I was awake at 4:10 AM this morning thinking, what should I do. I decided that I could not get up until at least 5: AM. Totally arbitrary, of course. Anyway, at 5:30, after staring at the ceiling for an hour, I had developed this brilliant article to write, so I got up.
I had to get a cup of coffee and since I took the time to do that I also got a muffin. The ocean was inviting, so I sat on the deck looking at the potential sunrise drinking my coffee. No spectacular sunrise so I fired up the laptop to write my article and could not remember what I was going to write.
Nobody was up and nothing to do, so I went back to bed.
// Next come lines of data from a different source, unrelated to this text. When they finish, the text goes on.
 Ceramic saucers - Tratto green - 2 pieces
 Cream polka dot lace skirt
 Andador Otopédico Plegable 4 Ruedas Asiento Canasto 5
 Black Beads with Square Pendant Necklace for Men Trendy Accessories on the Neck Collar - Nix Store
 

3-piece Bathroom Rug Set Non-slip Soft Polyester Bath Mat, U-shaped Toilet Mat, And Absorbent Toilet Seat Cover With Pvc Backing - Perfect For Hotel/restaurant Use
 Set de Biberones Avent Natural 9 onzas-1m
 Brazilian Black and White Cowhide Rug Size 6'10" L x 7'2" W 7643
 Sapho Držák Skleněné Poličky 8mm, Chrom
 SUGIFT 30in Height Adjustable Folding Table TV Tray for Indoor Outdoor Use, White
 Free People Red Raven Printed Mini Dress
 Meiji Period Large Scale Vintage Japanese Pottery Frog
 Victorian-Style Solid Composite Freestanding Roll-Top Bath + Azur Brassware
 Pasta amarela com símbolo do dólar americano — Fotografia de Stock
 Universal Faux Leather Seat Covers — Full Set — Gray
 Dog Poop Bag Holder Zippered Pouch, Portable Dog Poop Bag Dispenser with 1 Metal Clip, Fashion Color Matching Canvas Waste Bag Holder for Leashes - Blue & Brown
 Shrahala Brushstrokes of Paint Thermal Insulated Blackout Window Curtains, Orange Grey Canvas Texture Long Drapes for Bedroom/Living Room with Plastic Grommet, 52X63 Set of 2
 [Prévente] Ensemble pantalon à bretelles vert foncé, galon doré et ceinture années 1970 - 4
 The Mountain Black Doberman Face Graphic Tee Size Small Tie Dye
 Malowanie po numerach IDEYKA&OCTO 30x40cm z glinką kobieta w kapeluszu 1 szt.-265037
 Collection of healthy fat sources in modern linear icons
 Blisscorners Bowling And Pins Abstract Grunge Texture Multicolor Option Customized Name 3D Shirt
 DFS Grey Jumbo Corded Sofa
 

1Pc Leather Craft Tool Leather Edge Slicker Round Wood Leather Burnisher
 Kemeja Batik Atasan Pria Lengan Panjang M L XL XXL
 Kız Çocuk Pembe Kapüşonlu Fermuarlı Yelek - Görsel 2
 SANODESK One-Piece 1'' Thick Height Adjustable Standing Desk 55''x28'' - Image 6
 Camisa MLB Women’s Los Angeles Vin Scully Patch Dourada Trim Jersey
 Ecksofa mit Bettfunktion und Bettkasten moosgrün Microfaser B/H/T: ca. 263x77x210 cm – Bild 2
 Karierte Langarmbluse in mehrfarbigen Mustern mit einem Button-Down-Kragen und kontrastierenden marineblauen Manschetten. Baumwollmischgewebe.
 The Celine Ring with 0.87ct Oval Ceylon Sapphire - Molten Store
Stared at the ceiling for a half an hour with eyes wide open. This is depressing. Decided to get up again, and headed for the coffee maker. This all seemed very familiar.
I sat out on the deck drinking my coffee thinking about what I could do. By the end of cup one, I was wondering why I had to be doing something all the time. Then it occurred to me that there was plenty to do. The problem was there was not anything that I wanted to do. In fact, I could create a lot of things to do. So here I sit staring at the ocean wondering, what is it that I would like to do. The first thing that came to mind was sitting on the deck, ocean front, drinking a cup of coffee. This is vacation, perhaps I am overthinking this stuff. Going for my last cup of coffee – I swear.